Rezension

Frau sein

Marschlande -

Marschlande
von Jarka Kubsova

Bewertet mit 5 Sternen

„Man kann Frauen viel wegnehmen, man kann ihnen sehr viel antun, aber solange sie das mit sich machen lassen, bleibt es dabei.“

„Marschlande“ ist ein Roman von Jana Kubsova. Er erschien im August 2023 im S. Fischer Verlag.

Abelke Bleken lebte etwa 1580 in den Marschlanden, Britta Stoever lebt am selben Ort, aber viele Jahre später, in der Gegenwart. Abelke führt ihren Hof allein und obwohl sie dieser Aufgabe gewachsen ist, sind die Zeiten für sie gefährlich – Unabhängige Frauen sind nicht mehr erwünscht, obwohl sie es früher einmal waren. Der Aberglaube und damit die Hexenverfolgung sowie die „Erfindung der Hausfrau“ nahmen ihren Lauf, was schließlich auch Abelke zum Verhängnis wurde.
Britta lebt natürlich in einer deutlich moderneren Zeit, doch das Auflösen von Rollenklischees benötigt seine Zeit und so erkennt sie plötzlich, nach dem Umzug in die Marschlande, was sie für ihre Familie alles aufgegeben hat. Natürlich liebt sie ihre Kinder und ihren Mann, wobei sich die Gefühle hier schon irgendwie verändert haben… Unerwartet trifft sie auf die Fußstapfen von Abelke und taucht ab in deren Geschichte, wobei sie nebenbei auch sich selber wiederfindet…

Sehr atmosphärisch beschreibt Jana Kubsova die Geschichten der zwei Frauen, die so unterschiedliche Leben führen und doch so vieles teilen.
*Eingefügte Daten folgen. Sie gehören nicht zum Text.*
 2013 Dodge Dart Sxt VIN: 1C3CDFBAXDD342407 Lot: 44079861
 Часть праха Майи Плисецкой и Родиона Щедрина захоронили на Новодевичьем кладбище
Der Roman ist keine leichte Lektüre, viel Leid und Traurigkeit schwingt in den Zeilen mit. Die Lebensgeschichten der beiden Frauen rütteln auf und regen zum Nachdenken an. 
Abelkes Geschichte beruht auf wahren Begebenheiten, sie hat in Hamburg gelebt und der Bericht über ihr Leben hat mich sehr traurig gestimmt. 
Brittas Geschichte ist frei erfunden, vermutlich aber nicht selten genau so geschehen. Ihre Entwicklung im Laufe der Handlung gefällt mir sehr gut. Sie kämpft sich quasi frei und erarbeitet sich das Leben, das sie sich eigentlich immer gewünscht hat. Sie ist dabei eigentlich zunächst keine offensichtlich starke Frau, sie nimmt viele Dinge hin und versucht auch gar nicht, sie zu ändern. Erst langsam wird ihr bewusst, was aus ihrem Lebenstraum geworden ist und dass sie wirklich für ihren Beruf als Geologin brennt.
Die Handlung spielt wechselnd in zwei Zeitebenen, gerade die Übergänge sind dabei brillant gelungen und haben mich absolut überzeugt! Der Schreibstil ist auf seine Art ruhig und durch die personale Erzählperspektive ein wenig distanziert, gleichzeitig aber unglaublich mitreißend, weil einfach so stimmungsvoll und berührend! Auch die Landschaftsbeschreibungen haben mir gut gefallen, da sie sich mühelos in die jeweiligen Szenen einfügen und die jeweilige Stimmung unterstreichen.
Deutlich wird, der Feminismus und die Emanzipation sind lange noch nicht so weit, wie sie sein könnten und sollten. Rollenklischees werden nach wie vor in vielen Fällen absolut erfüllt und das Ausbrechen aus ihnen ist alles andere als einfach. Ich habe durch den Roman einiges dazugelernt und gerade das Nachwort der Autorin fand ich mehr als interessant! Mir war absolut nicht bewusst, dass die Frauen im Feudalismus eine andere Stellung in der Gesellschaft hatten und erst im Kapitalismus zu Gunsten der Männer herabgesetzt wurden!

Mein Fazit: Ein Roman, der absolut außerhalb meiner Wohlfühllesezone liegt, mich aber vollkommen überzeugt hat! Wer auf Happy End und rosarote Gefühle hofft, ist falsch aber falsch am Platz. Jana Kubsova schreibt realistische und berührende Worte über die Rolle der Frau und den Feminismus und beschreibt authentisch, wie schwer das Leben eben sein kann beziehungsweise war. Von mir gibt es 5 von 5 Sternen und eine absolute Leseempfehlung!